I believe that the clean energy transition is well on its way, driven mostly by free market economics and a broad societal desire to clean up the electricity sector (think green branding benefits for companies that clean up their supply). But government at the federal, state, and local levels still has an important role to play in speeding along the transition and minimizing social and financial dislocations along the way.
Right now, what do you see as the biggest barrier to a transition to clean energy in the U.S.?
I just penned a column on this topic focused on barriers to the distribution scale transformation, with another to come on the bulk/infrastructure dimension of the transformation. In each case the barriers are many and inter-related. But fundamentally, most of these come back to the paradigm shift we are facing. Energy today is a commodity business with many incentives that are misaligned with aggregate needs and razor-thin profit margins for potential disruptors. The clean energy transition requires new ways to connect consumer behavior and system needs - flexible demand will be key - while moving us from an energy unit delivery mindset (like kilowatt-hours or BTUs of gas) to a service delivery mindset (e.g. cooling and heating or healthy indoor air).
What role will businesses play in the energy transition?
I think that by virtue of their size as customers, ability to manage large amounts of their load, and their fiscal discipline, businesses play a very important role in the clean energy transition. Today, because of their sustainability and cost-reduction targets, companies (especially large companies) are driving demand for new clean energy projects and prodding entrenched utilities and state decision-makers to think outside their comfort zone.
My hope is that business can also be at the leading edge of price-responsive demand. For the most cost-effective and resource-efficient clean energy transition, we need to move away from a paradigm where supply continuously adjusts to demand, like a virtuoso dancer adjusting to a clumsy beginner, to one where supply and demand play an equal role in matching up, like an experienced pair of dancers. Businesses can apply fiscal discipline to evaluate opportunities to reduce cost or add to profits in participating and investing in demand-side management.

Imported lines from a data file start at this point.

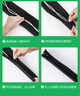 CABLE CREATION線材收納束線管編織理線管固定整理帶拉鏈?zhǔn)o(hù)套電線收納理線器電腦理線管電源線絕緣保護(hù)套 1米黑 曬單實(shí)拍圖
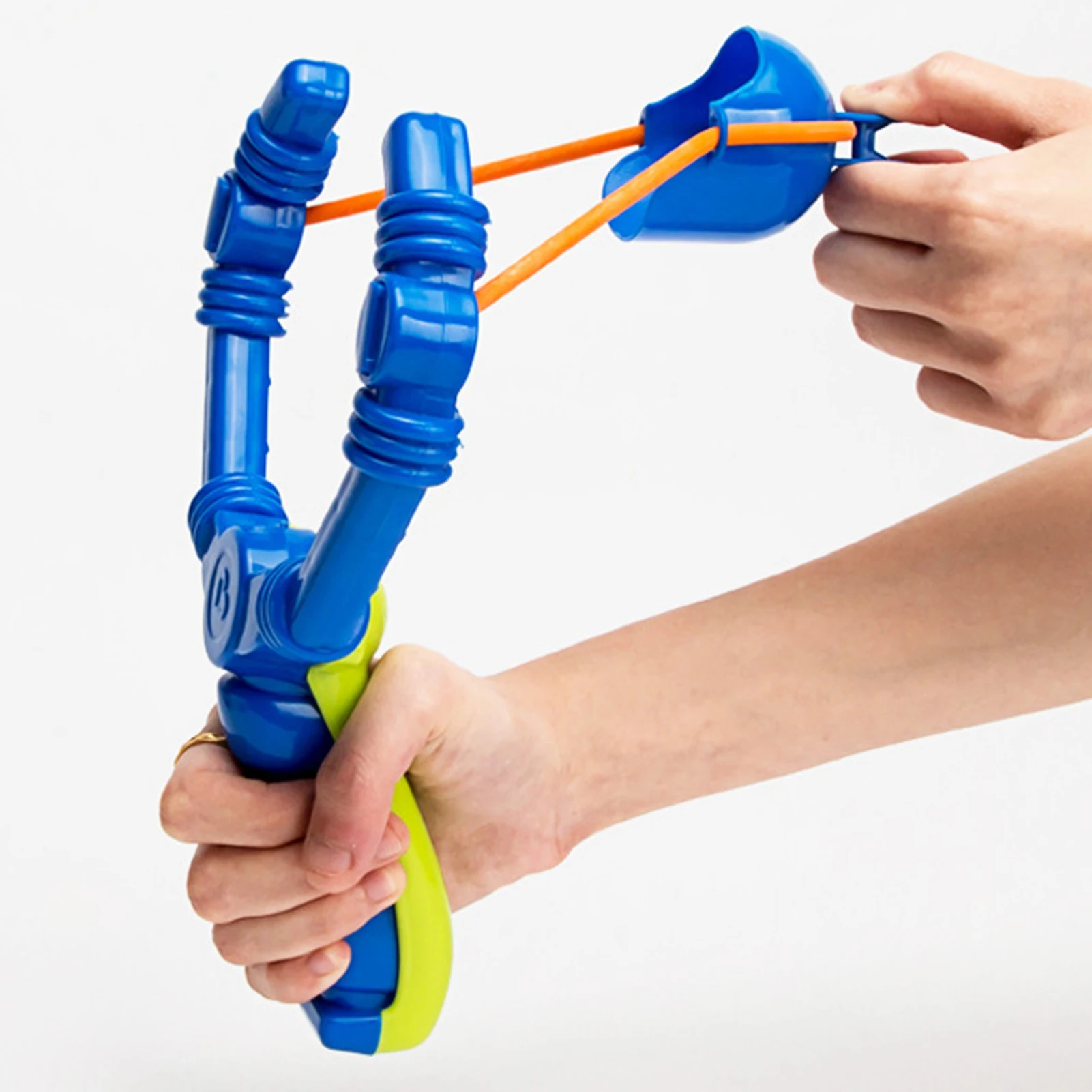 

Fun Snow Toy Outdoor Winter Snowball Fight Plastic Throwing Snowball Slingshot Launcher Shooter Toy For Children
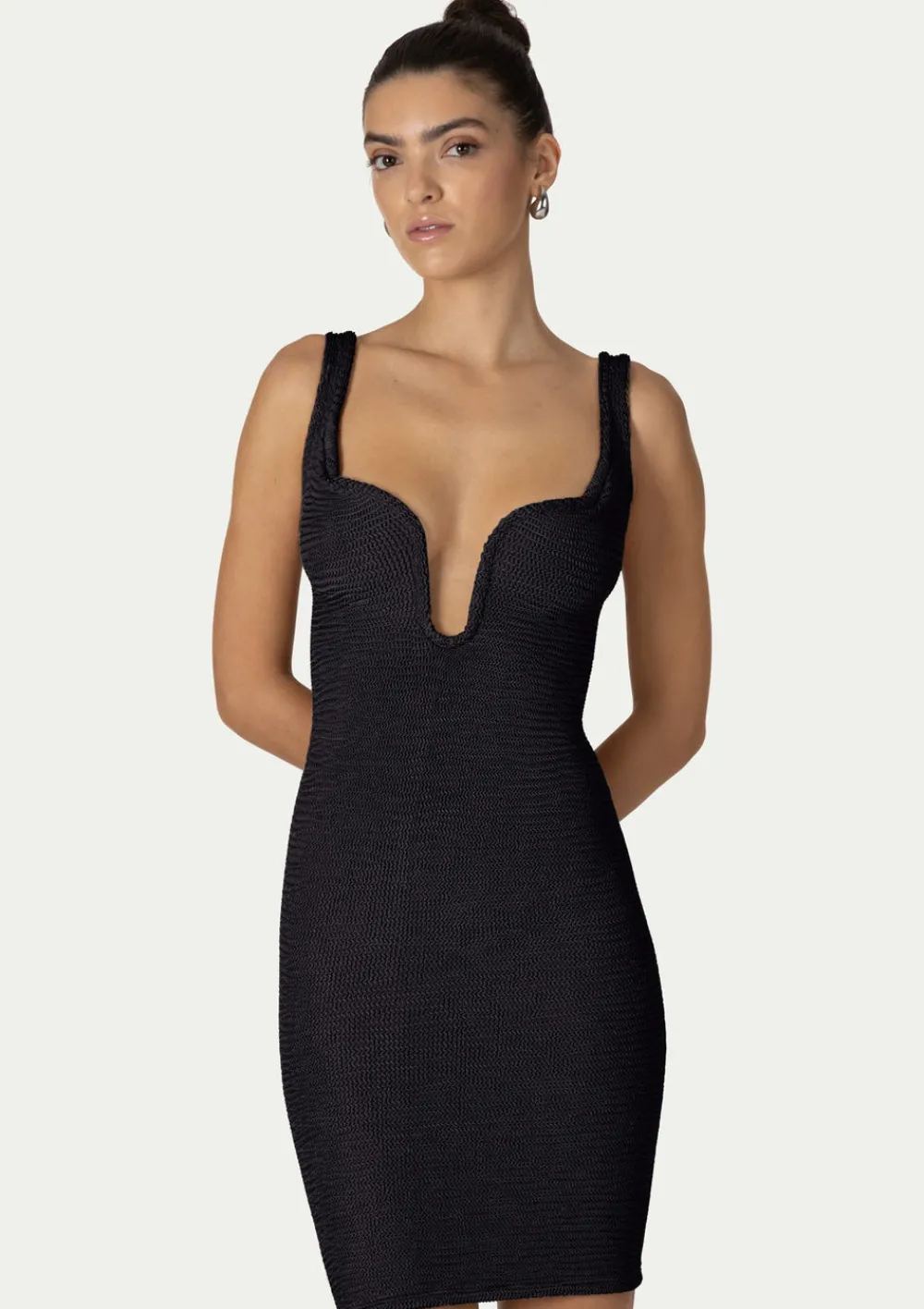 PARAMIDONNA MIKA DRESS BLACK> Dresses & Shirts | Beachwear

Demand from businesses for renewable energy has surged, but still, the percentage of corporations that have committed to offsetting their carbon emissions through renewable energy procurement is still very small. What is needed in the market to get more businesses involved?
Ultimately, businesses want to focus on their core competencies and comparative advantage. Energy is not always a significant cost, and barriers to becoming more actively involved in their energy use and procurement may make engagement on these issues a low priority. If you are spending $10 million a year on personnel costs versus $50,000 per year on energy costs in a given building, human resources will be much more of a priority than the physical plant, except to the extent that the physical plant affect worker health, happiness, and productivity. It's natural that we've mostly seen engagement from companies with high energy inputs or the scale to employ specialized staff to scrutinize and negotiate energy contracts.

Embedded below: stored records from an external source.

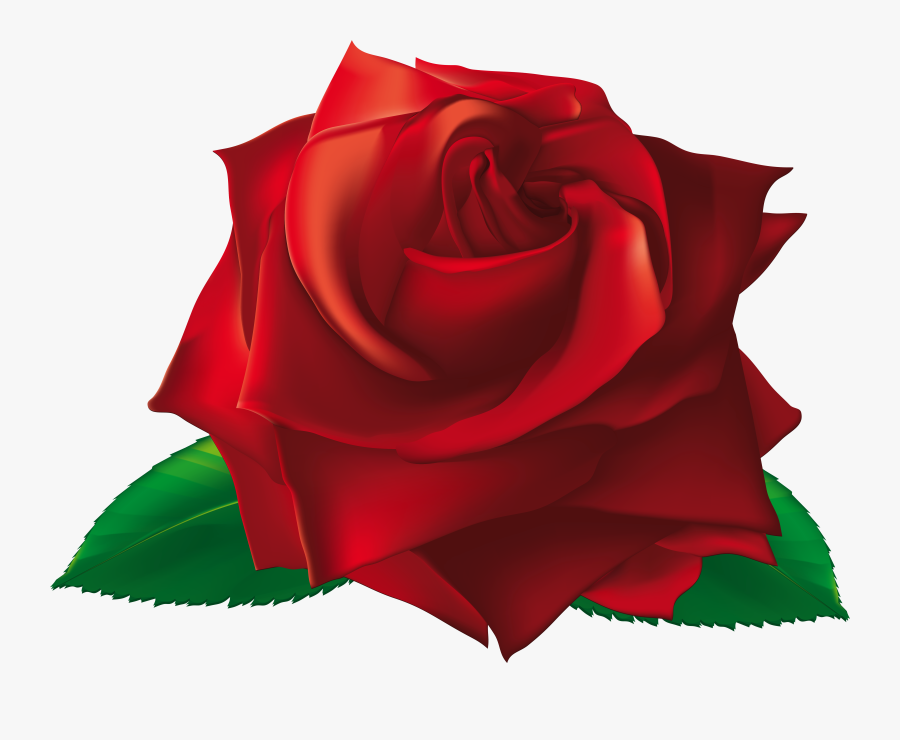 Rose Cliparts Single - Single Rose Image Png, Transparent Clipart
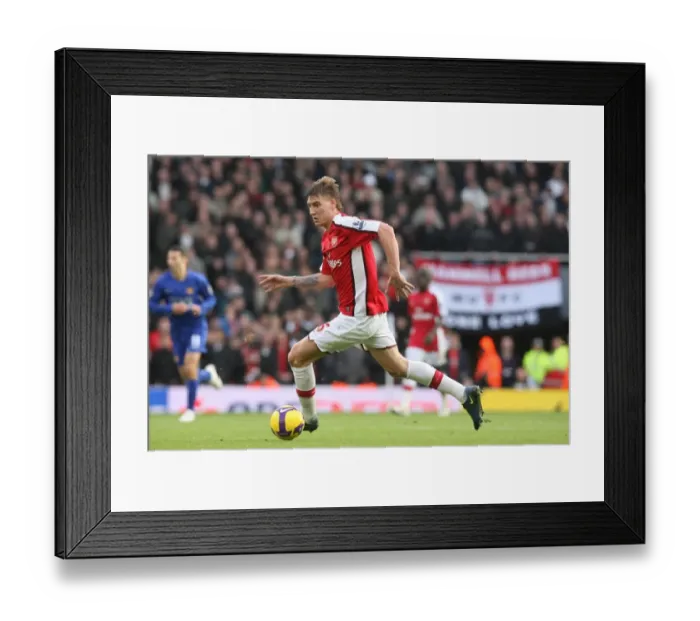 Framed Print : Bendtner's Strike: Arsenal's 2-1 Victory Over Manchester United, 2008 Framed Print : Bendtner's Strike: Arsenal's 2-1 Victory Over Manchester United, 2008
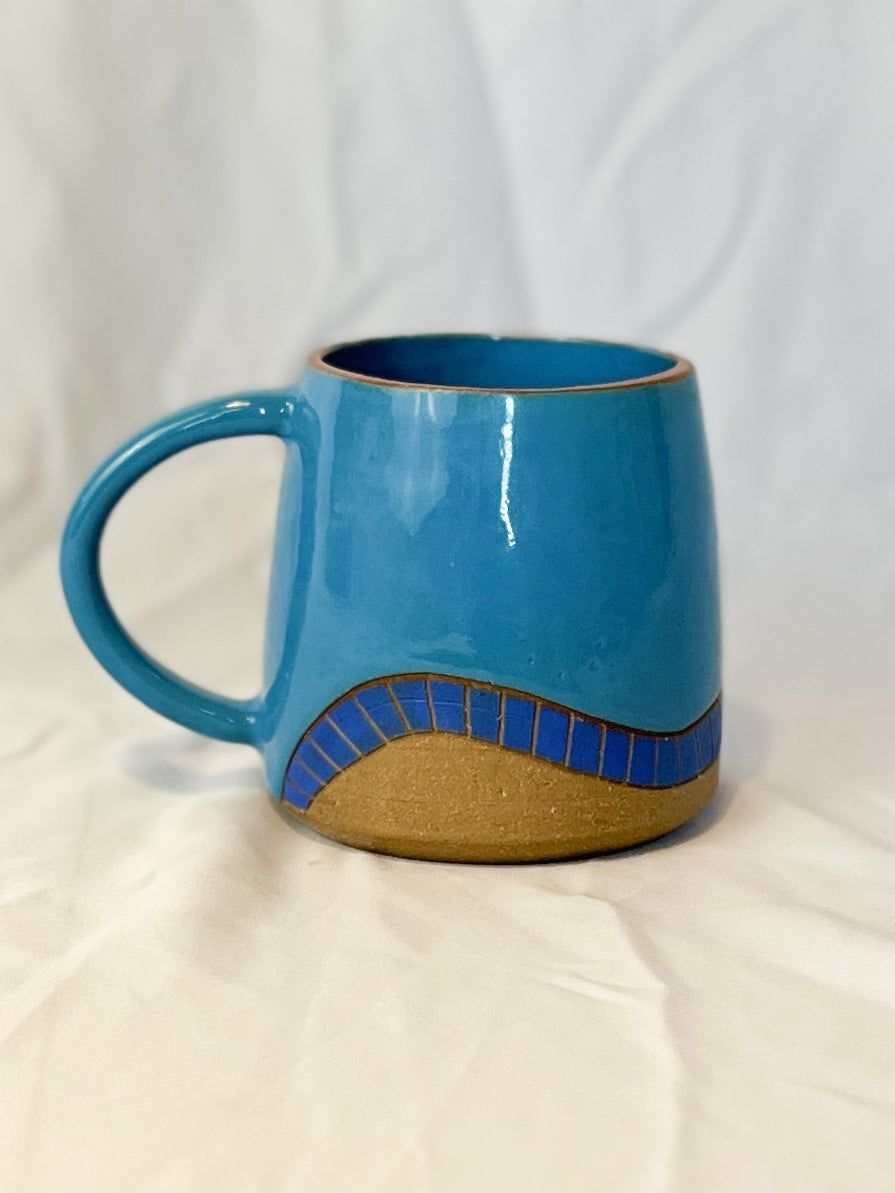 Mug - Turquoise/Blue - 18oz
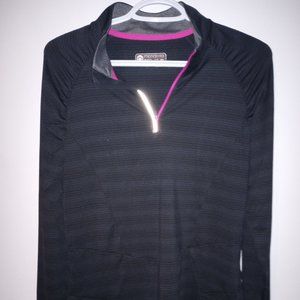 Mondetta Size M Activewear Jacket 1/4 Zip Fitted With Thumbholes For Cold Hands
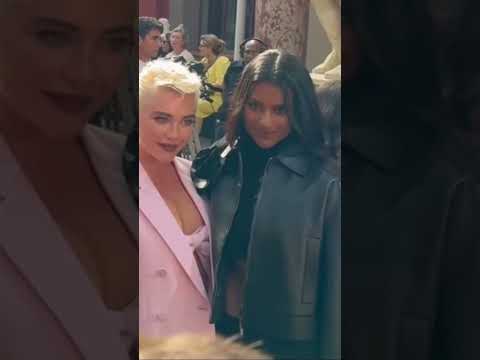 Simone Ashley & Florence Pugh at Valentino SS24 PFW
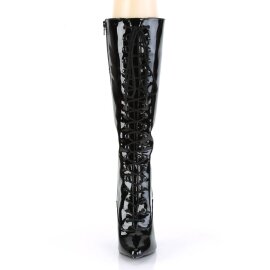 Pleaser SEDUCE-2020 Knee-High Boots Patent Black EU-44 /...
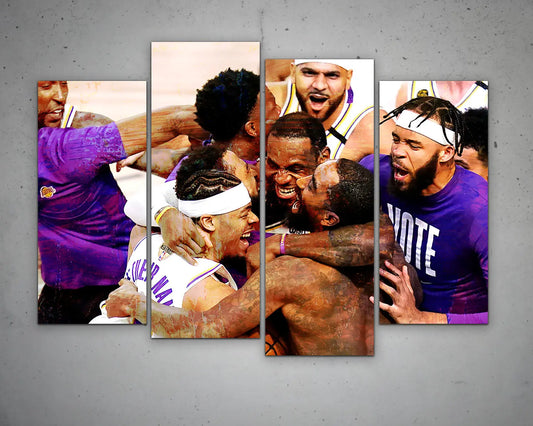 LA Celebration Multicolour Wall Art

What is needed for more businesses to get involved is two-fold. First, we need simpler, more standardized clean energy products without a complicated risk profile that businesses can elect to buy without dedicating too much strategic and operational bandwidth to participation. Businesses don't want to think about basis risk or production risk, they just want a clear product with decision elements that are aligned with things they can control or predict internally (like the quantities and prices they are comfortable with or desire to lock-in for long periods). Second, engaging more businesses in demand management will require clear, predictable, and simple opportunities to offer their flexibility into the energy markets in ways that maximize the ratio of benefits to mind-share.
In your opinion, which renewable energy trends or developments aren't getting enough media attention?

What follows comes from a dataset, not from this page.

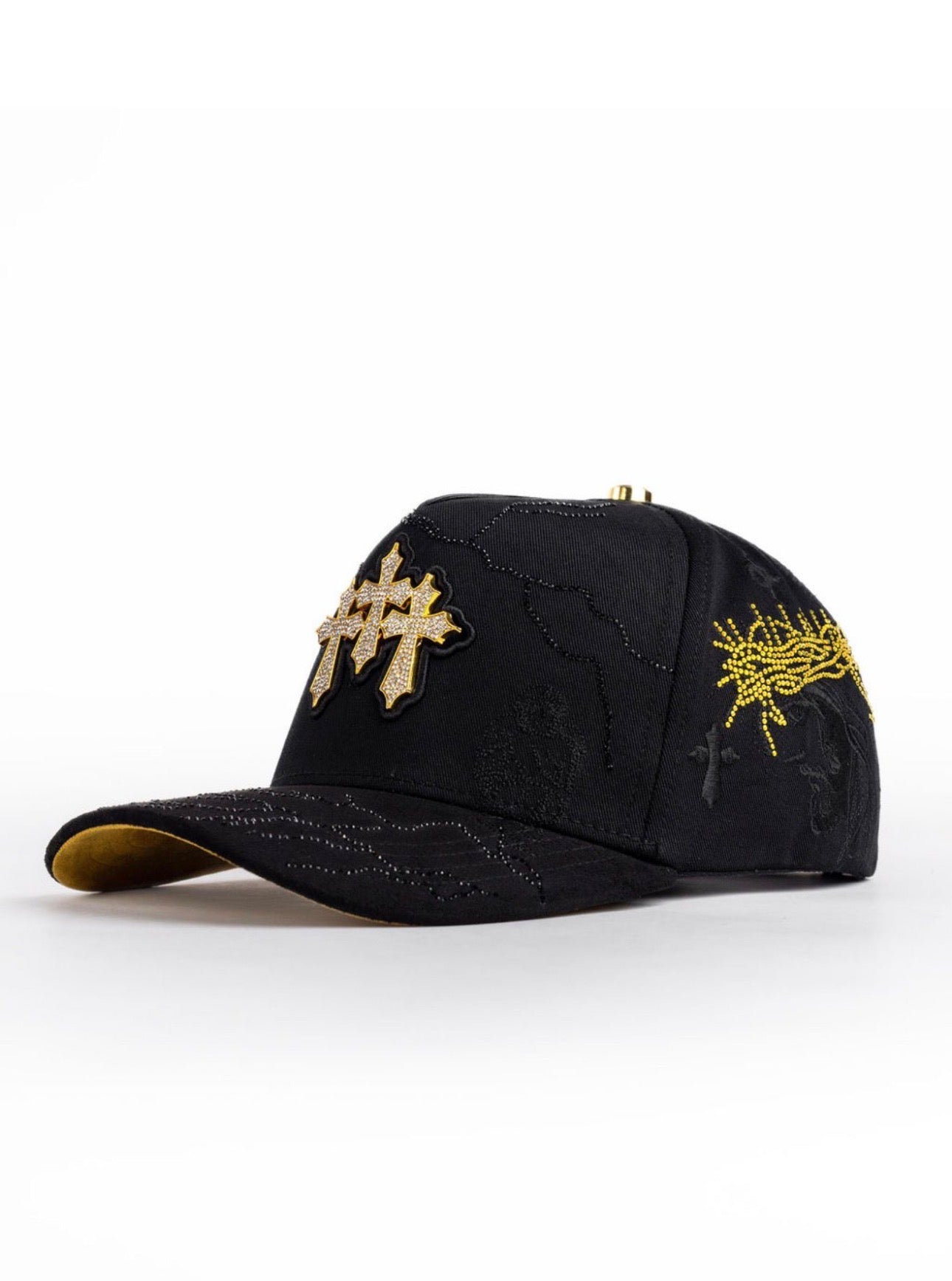 Tres Cruces Crystal (Black/Gold)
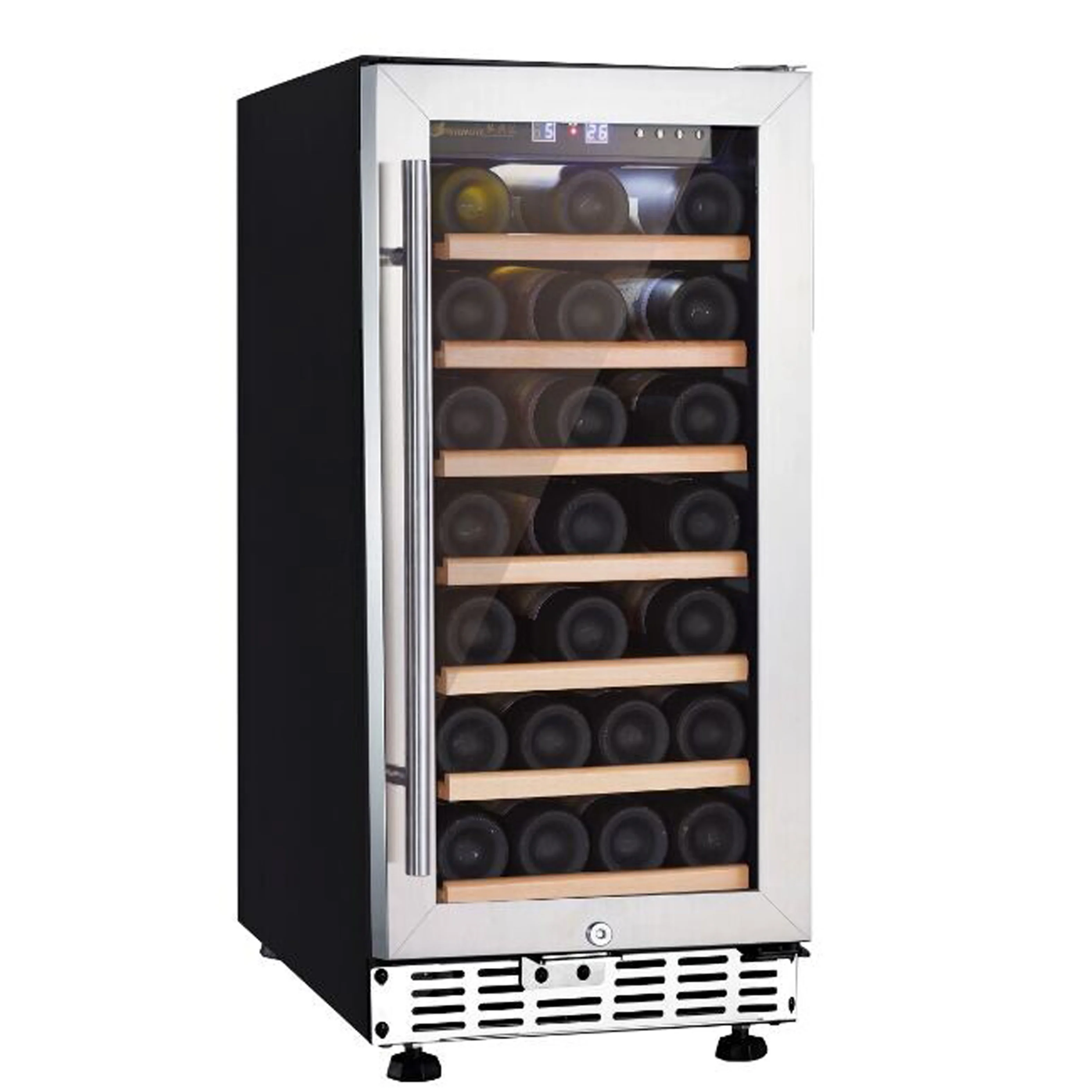 Ss Door Frame Fan Cooling Gabinete Del Vino Usf 33s 80liters 31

I am constantly amazed at how fast costs are dropping for wind, solar, EVs, and batteries - they have reached transformational low levels and will likely continue to do so. Even the most attentive observers of this space have to constantly re-calibrate: we did not expect the "coal cost crossover" to happen so soon. Policy-makers and decision makers are often looking at stale data to the detriment of the best possible decisions.
Batteries are making quite a splash these days, becoming an almost inevitable component of new power purchase agreements. Yet people are worrying too early about seasonal storage and peak capacity needs, while ignoring the opportunities to usefully and profitably deploy shorter duration batteries, like thirty-minute or one-hour batteries. Recent work by Ascend Analytics points to gigawatts of short duration batteries that can be deployed to take advantage of price-spikes in the California real-time wholesale market with very low payback times.
Climate change headlines can be full of doom and gloom; what gives you hope?
Hope is an active verb; it requires courage and commitment to work towards a better future unlike simple optimism that passively posits that things will come out alright in the end. Part of what gives me hope is the need to address the climate challenge for our children and our future. Many, many people are responding positively to this challenge in ways big and small. Because of this, the clean energy transition is happening at a much faster pace than previous energy transitions - hopefully in time to avert some of the worse climate disruption. Here ignorance is a virtue: We know enough to be motivated but not enough to simply give up.